Saturday's packed Sting and Annie Lennox show at Shoreline was one of those rare occasions when the opener outdid the headliner.
Opener, Lennox, 49, who has resumed a career after taking almost a decade off to raise kids, has come back stronger than ever. She has long been overlooked as a soul singer, partly because she first achieved fame as a techno-rocker with the Eurythmics.
But her strong hourlong set of old and new songs put her in a rarefied league of pure-voiced, bluesy singers, outclassing and out-emoting any of several generations of younger divas. She's already held her own recording with the ``Queen of Soul,'' Aretha Franklin, and frankly, Franklin might have had a hard time keeping up with Lennox's blazing vocals Saturday.
She had the audience on its feet through ``Missionary Man,'' ``Walking on Broken Glass,'' Bob Marley's ``Wait in Vain,'' and ``Cold.'' This set was more up-tempo and uplifting than last year's post-divorce outing in San Francisco. She was better outdoors where there was nothing to stop her voice from soaring.

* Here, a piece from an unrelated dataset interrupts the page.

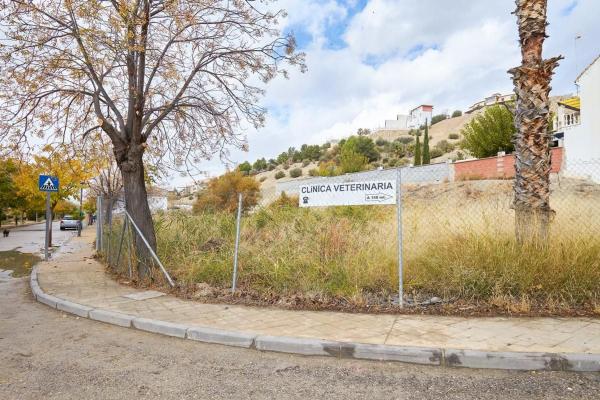 Terreno en Calle Vega del Molinero s/n, La Guardia de Jaén thumbnail 2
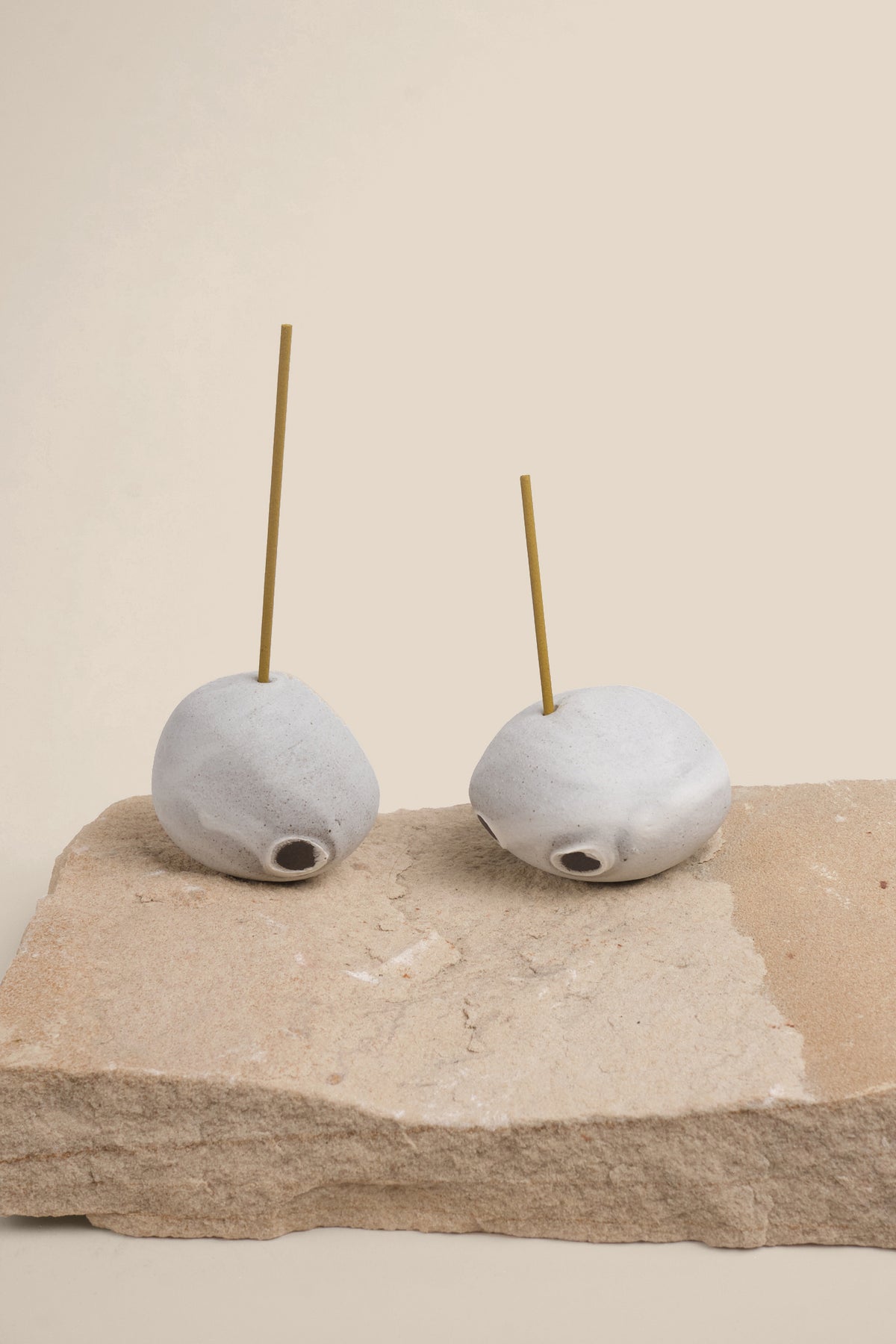 Pebble Incense Holder White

Sting, wherefore art thy sting? It was sad to see this once powerful rocker slide into the tedium of banal, smooth supermarket background jazz. On his 53rd birthday (which the audience celebrated in song), his Police songs such as ``Every Little Thing She Does is Magic'' and ``Roxanne'' got the crowd up, but it sat back down for an interminable number of new, tepid songs.